Java and the JVM are none of those things.

Jgit is a fantastic implementation of git given the design space and capabilities of the Java runtime. But it does a poor job of describing how you would build git in a purely-functional world.

And so, with love, I decided to part ways with the jgit port.

The remains of that project are available as elixir-git/archived-jgit-port on GitHub, but I do not plan to continue work on that version of the project.

I don’t regret having done the port. It informs the work I’m now doing, which is a from-the-ground-up native-Elixir approach to git. There are pieces of that work that will live on in the new effort. And I understand some of the key concepts in ways that I hadn’t before I started that port.

Meet the New Xgit

I’m taking a completely different approach to this version of Xgit. I’m reading the Git Internals chapter of the Pro Git book and building implementations of the concepts described there page-by-page.

For now, I’m just on plumbing commands – the inner workings of git that form the building blocks for larger concepts (add, commit, branch, etc. – the porcelain commands) that we’re familiar with as end-users of git.

A primary design goal of Xgit is to allow git repositories to be stored in arbitrary locations other than file systems. (In a server environment, it likely makes sense to store content in a database or cloud-based file system such as S3.)

For that reason, the concept of “repository” in Xgit is kept intentionally minimal. Xgit.Repository is a behaviour module that describes the interface that a storage implementor would need to implement and very little else. (A repository is implemented using GenServer so that it can maintain its state independently. Xgit.Repository provides a wrapper interface for the calls that other modules within Xgit need to make to manipulate the repository.)

A typical end-user developer will typically construct an instance of Xgit.Repository.OnDisk (or some other module that implements a different storage architecture as described next) and then use the modules in the api folder folder to inspect and modify the repository.

A storage architect will construct a module that encapsulates the desired storage mechanism in a GenServer process and makes that available to the rest of Xgit by implementing the Xgit.Repository behaviour interface. I am building the Xgit.Repository.OnDisk module, which demonstrates the concept of a storage architecture, but my hope is that other developers could implement other storage mechanisms by providing new implementations of the Xgit.Repository behaviour.

Categories of Code

Code in Xgit is organized into the following categories, reflected in module naming and corresponding folder organization, listed here roughly in order from top to bottom of the dependency sequence:

  • api (none implemented yet): These are the typical commands or operations that you perform on a git repository. In the git vernacular, these are often referred to as porcelain (i.e. the refined, user-visible operations).

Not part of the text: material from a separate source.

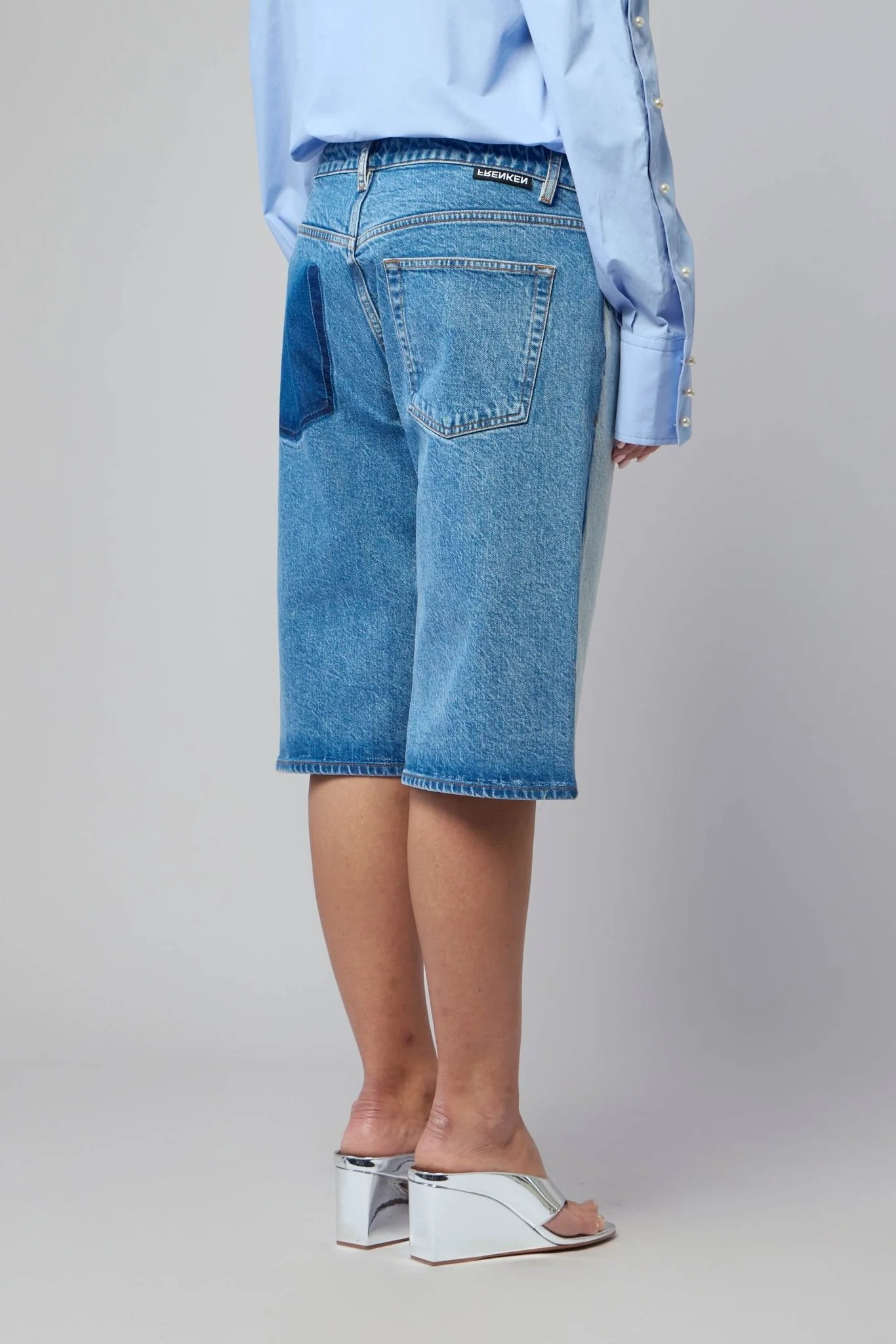 Short Two Color Blue Denim - Image 5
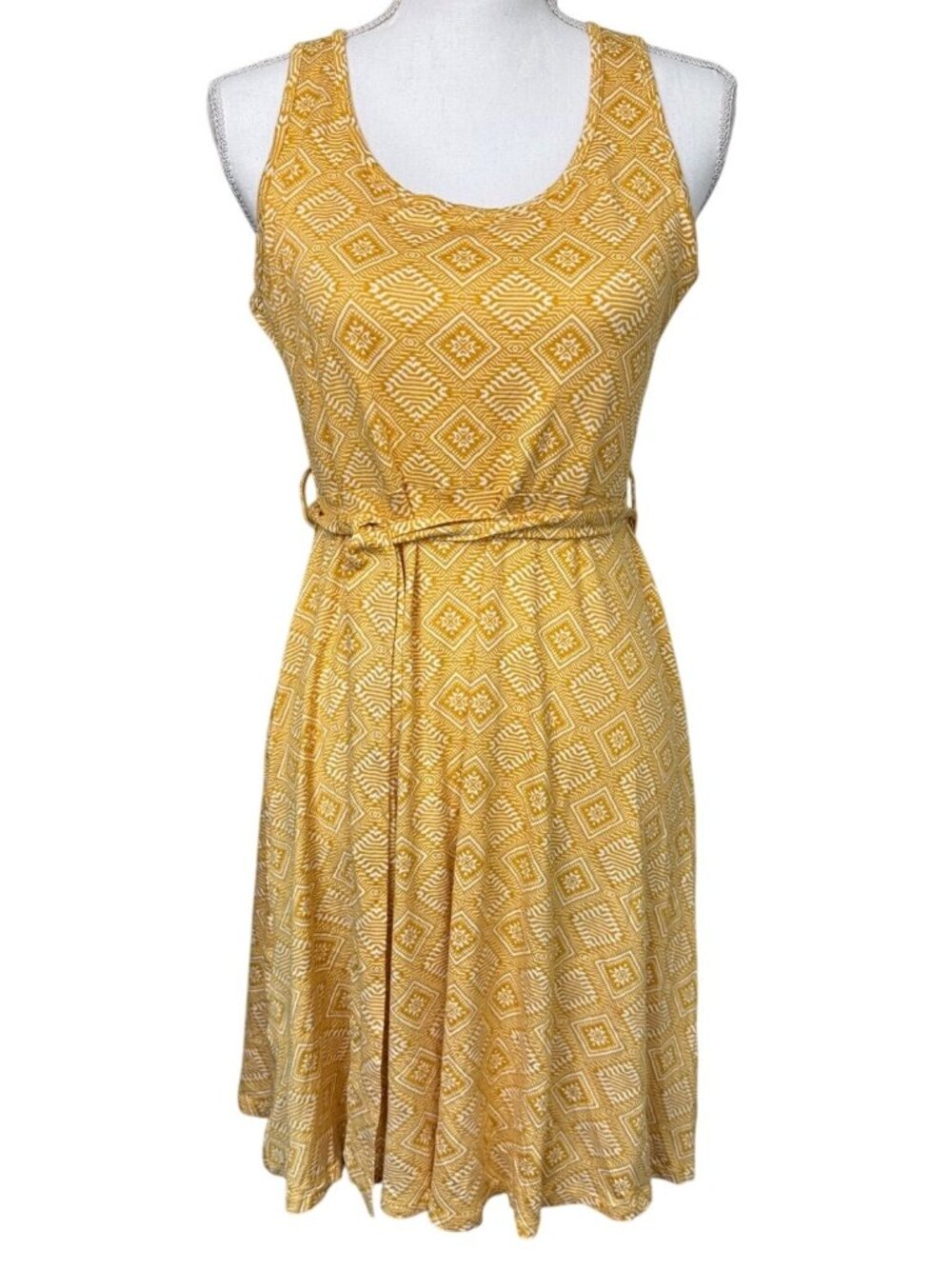 Allthreads Rio Yellow Womens L Diamond Pattern Sleeveless Beach Casual Dress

  • plumbing: These are the raw building-block operations that are often composed together to make the user-targeted commands. These are often sophisticated operations in and of themselves, but are typically not of interest to end-user developers.

  • repository: This describes how a single git repository is persisted. A reference “on-disk” implementation is provided and is designed to interoperate with the existing git command-line tool.

  • core: The modules in this folder describe the fundamental building blocks of git’s data model (objects, object IDs, tags, commits, etc.). These are used within Xgit to communicate about the content in a repository.

  • util: The modules in this folder aren’t really part of the data model per se, but provide building blocks to make higher layers of Xgit possible.

Starting Points

Two git commands have been implemented thus far:

git init

A minimal implementation of git init has been made available as part of the reference (on-disk) implementation of repository.

See Xgit.Repository.OnDisk.create/1 for details. This is, by far, not a complete port of git init. There are many edge cases that are left unimplemented. But it’s enough to allow us to bootstrap further work.

git hash-object

This is the first of the commands referenced in the git objects part of the git internals book.

See Xgit.Plumbing.HashObject.run/2 for details.

Testing Strategy

I may be stating the obvious, but a key goal of Xgit must be to interoperate correctly with other implementations of git.

People who know me from my day job know that I am famous for this saying:

What you don’t test, you will ^@(* up.

So it should surprise no one that I’m employing a very aggressive strategy of verifying interoperability. Many of the tests for the above two commands run an operation in Xgit using the on-disk repository implementation and run the same operation again using command-line git. If the same operation has been done in both versions, the folder contents should be identical. If they are, the test passes.

What’s Next?

Having wrapped up git hash-object, I’ll continue through the git objects page. Next up is git cat-file.